▶ **Work to be completed**
Before copying, find the line below that contains "Außenansicht von Kloster Seeon"; then return it and all later lines exactly, up to and including the final line, with no pictures.

▶ **Data for this exercise**
+--
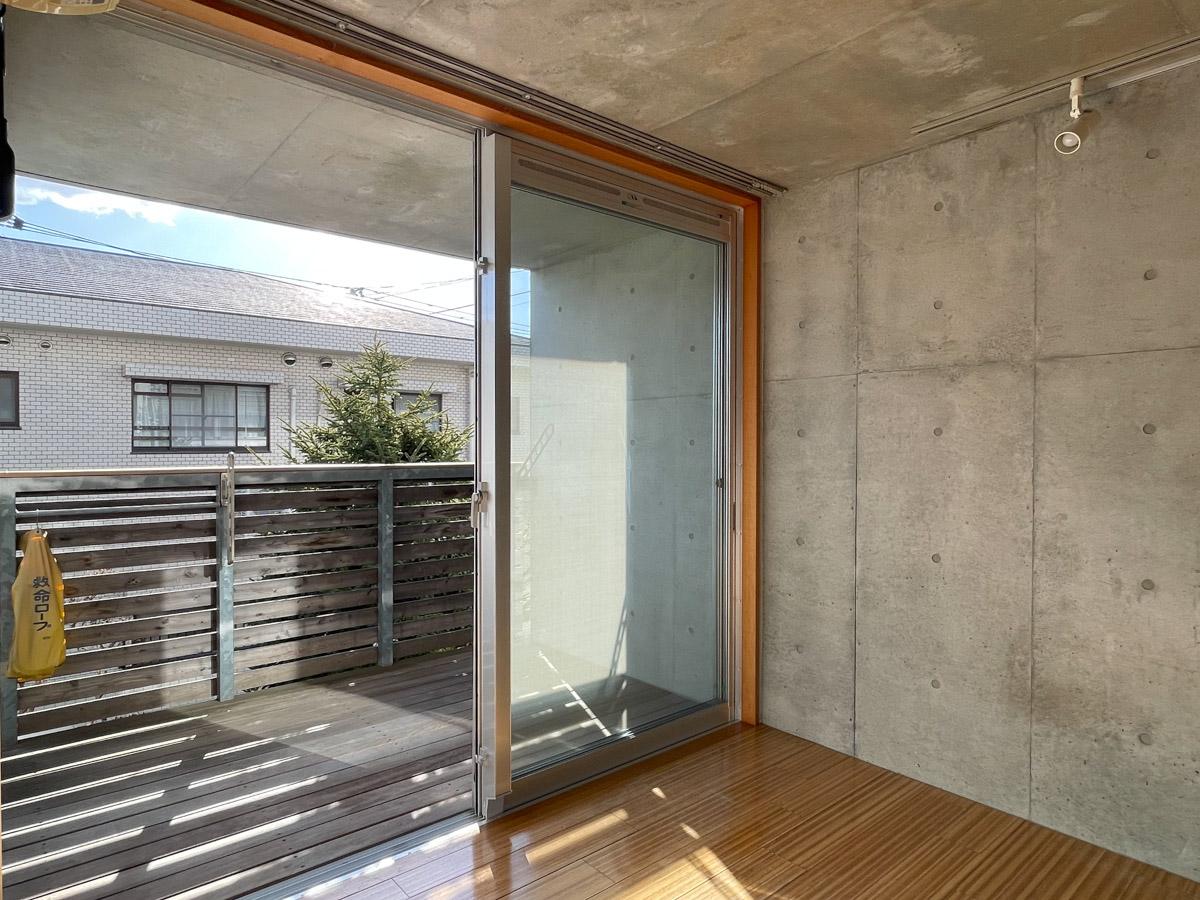 杉並区浜田山の賃貸物件/ぽかぽかとした日当たりが気持ちいい窓辺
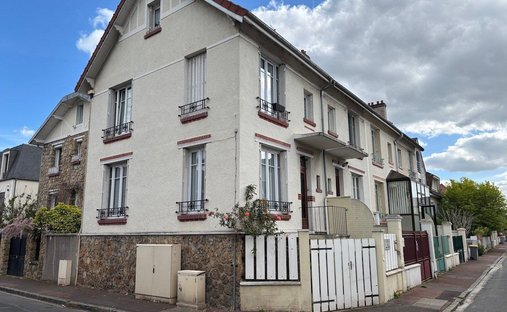 House in Centre Ville, Rueil-Malmaison, France 1
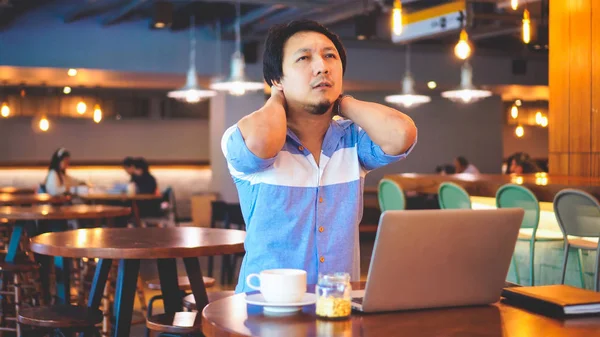 Asiatiska Affärsman Casual Kostym Arbetar Som Har Symptom Nackvärk Ryggvärk — Stockfoto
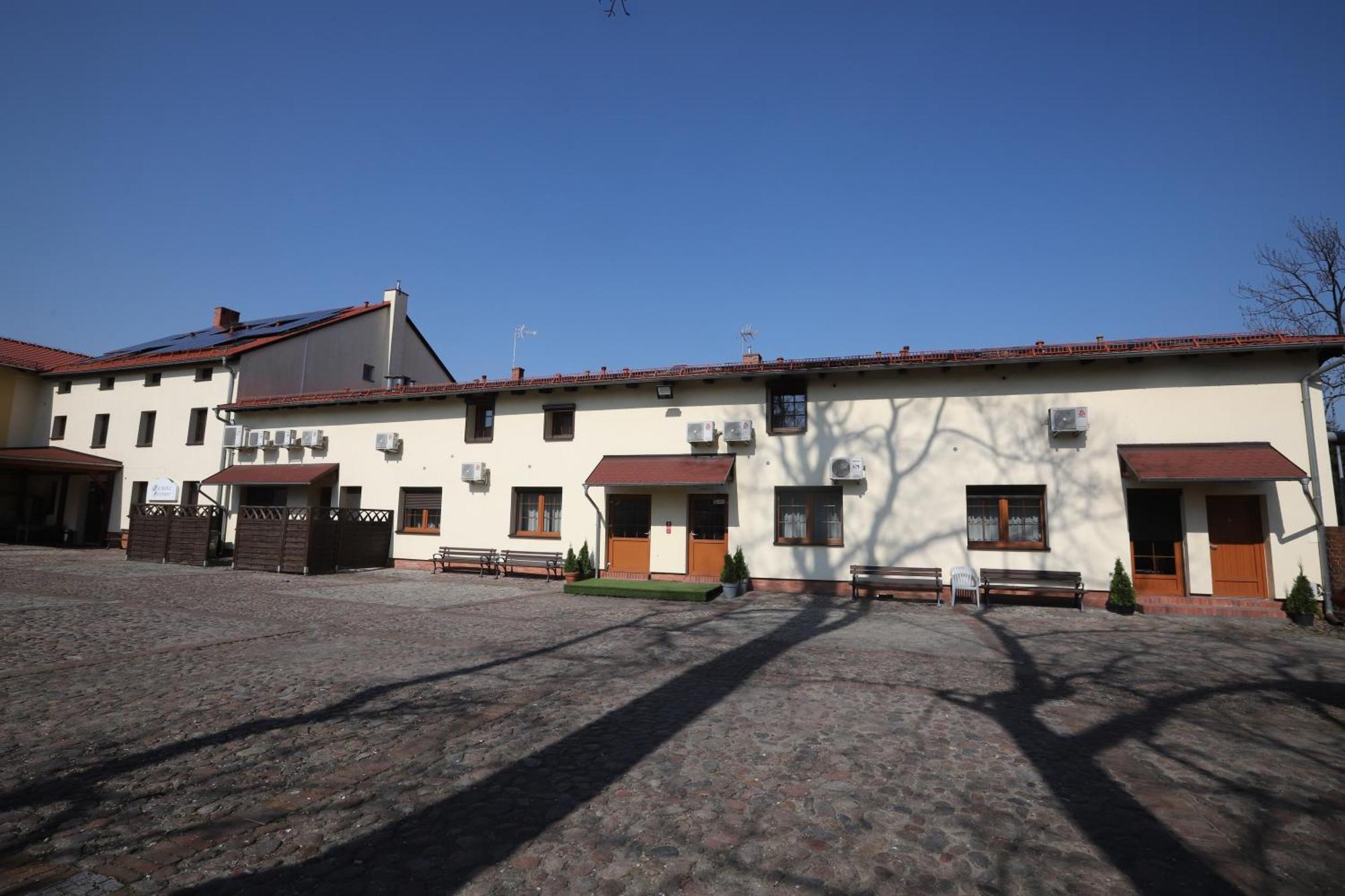 Hotel Sandro Silver & Spichlerz Antoniny Лешно Экстерьер фото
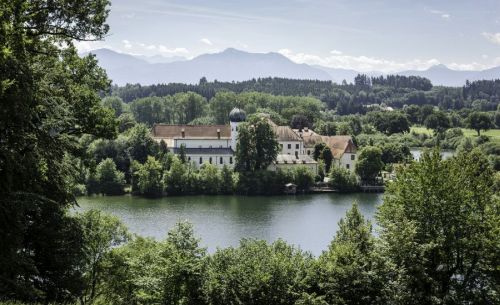 Außenansicht von Kloster Seeon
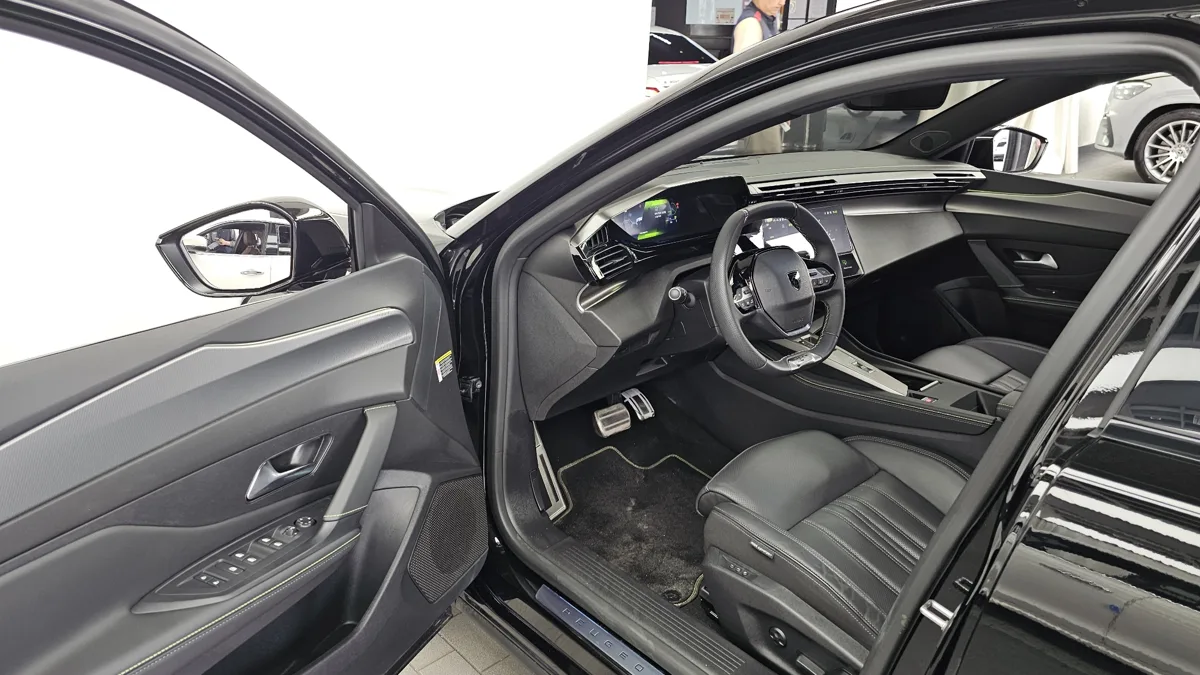 Peugeot 408 interior detail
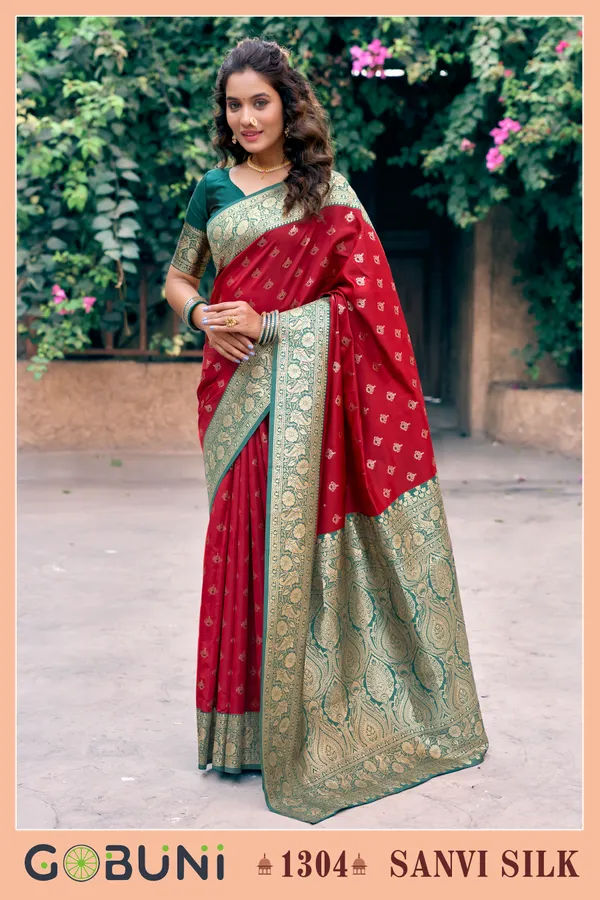 Multicolor_Silk_Saree_With_Zhallar_For_Women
+--
▶ **Answer to the exercise**
 Außenansicht von Kloster Seeon
 Peugeot 408 interior detail
 Multicolor_Silk_Saree_With_Zhallar_For_Women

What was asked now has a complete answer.